Dataset

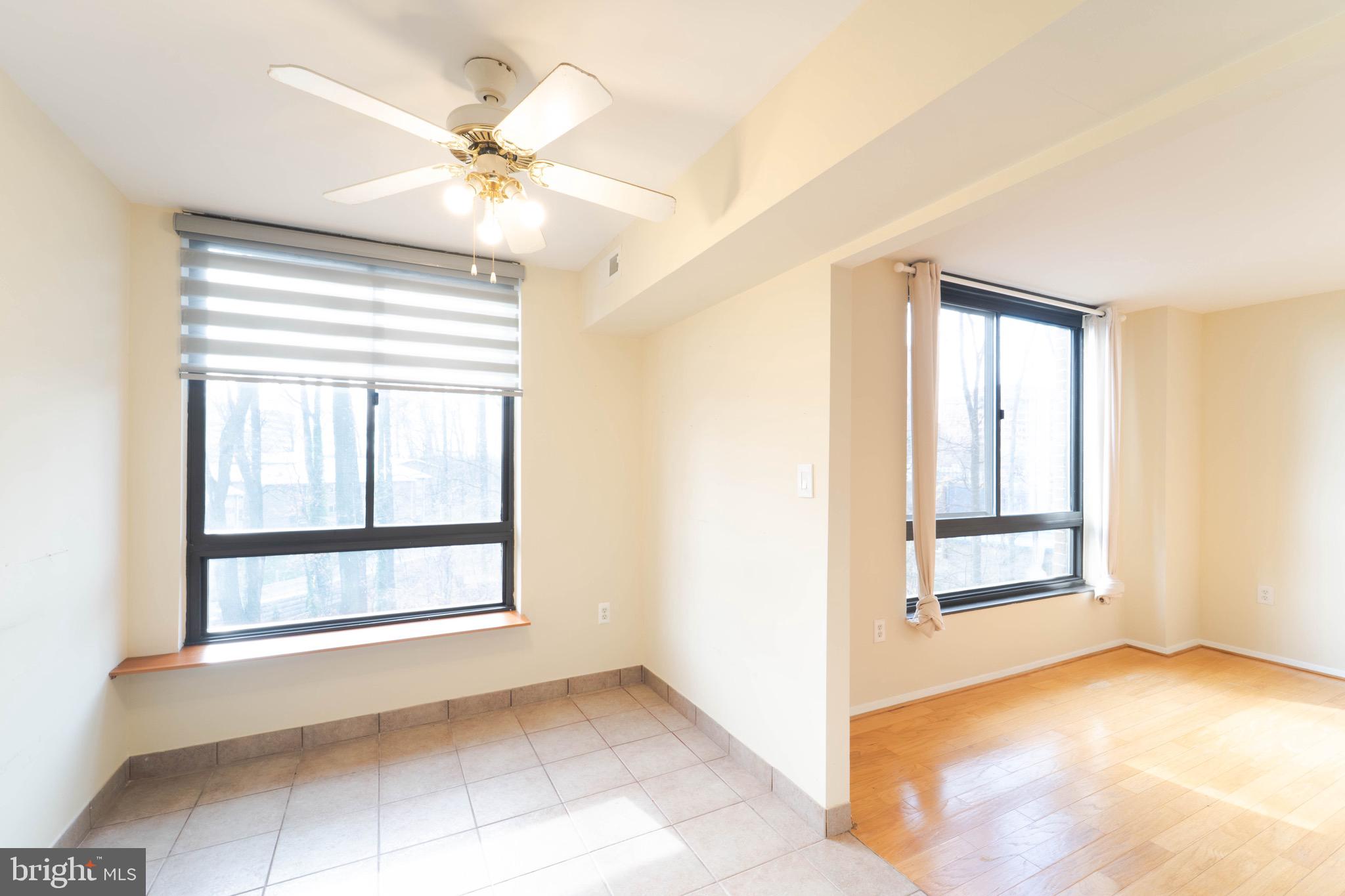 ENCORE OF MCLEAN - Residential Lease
==
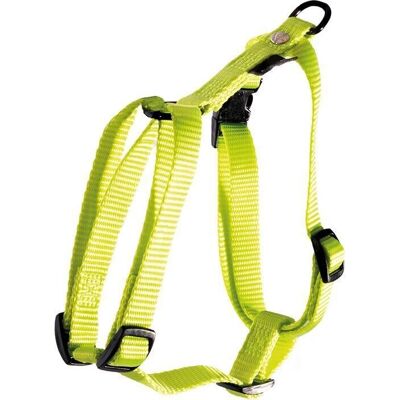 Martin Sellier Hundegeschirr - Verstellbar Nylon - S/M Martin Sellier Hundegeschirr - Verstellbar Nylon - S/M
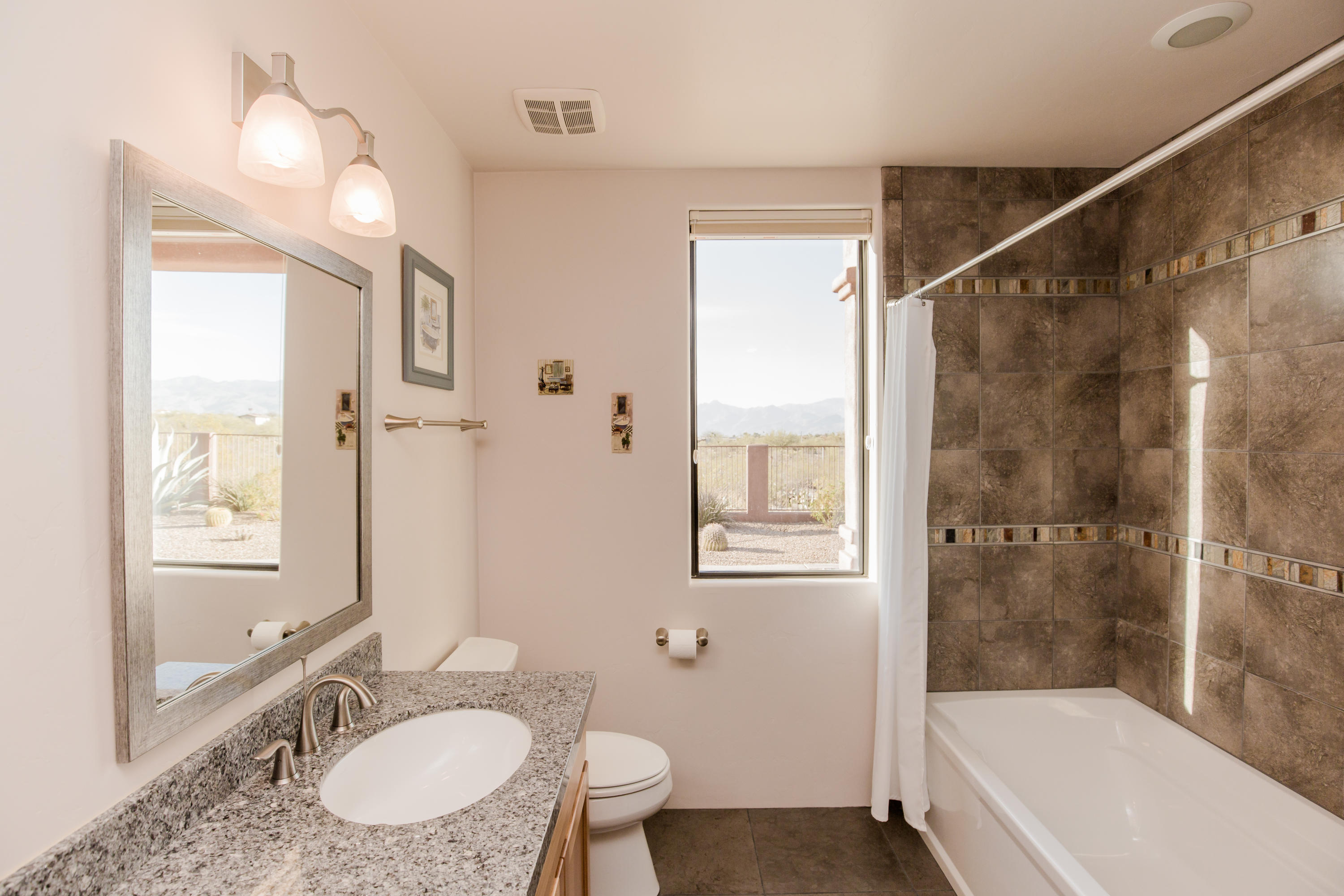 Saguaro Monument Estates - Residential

Directions
Leaving pictures out, output the lines of the data above from the one with "Martin Sellier Hundegeschirr - Verstellbar Nylon - S/M Martin" through the one with "Saguaro Monument Estates - Residential", word for word.

Task output
 Martin Sellier Hundegeschirr - Verstellbar Nylon - S/M Martin Sellier Hundegeschirr - Verstellbar Nylon - S/M
 Saguaro Monument Estates - Residential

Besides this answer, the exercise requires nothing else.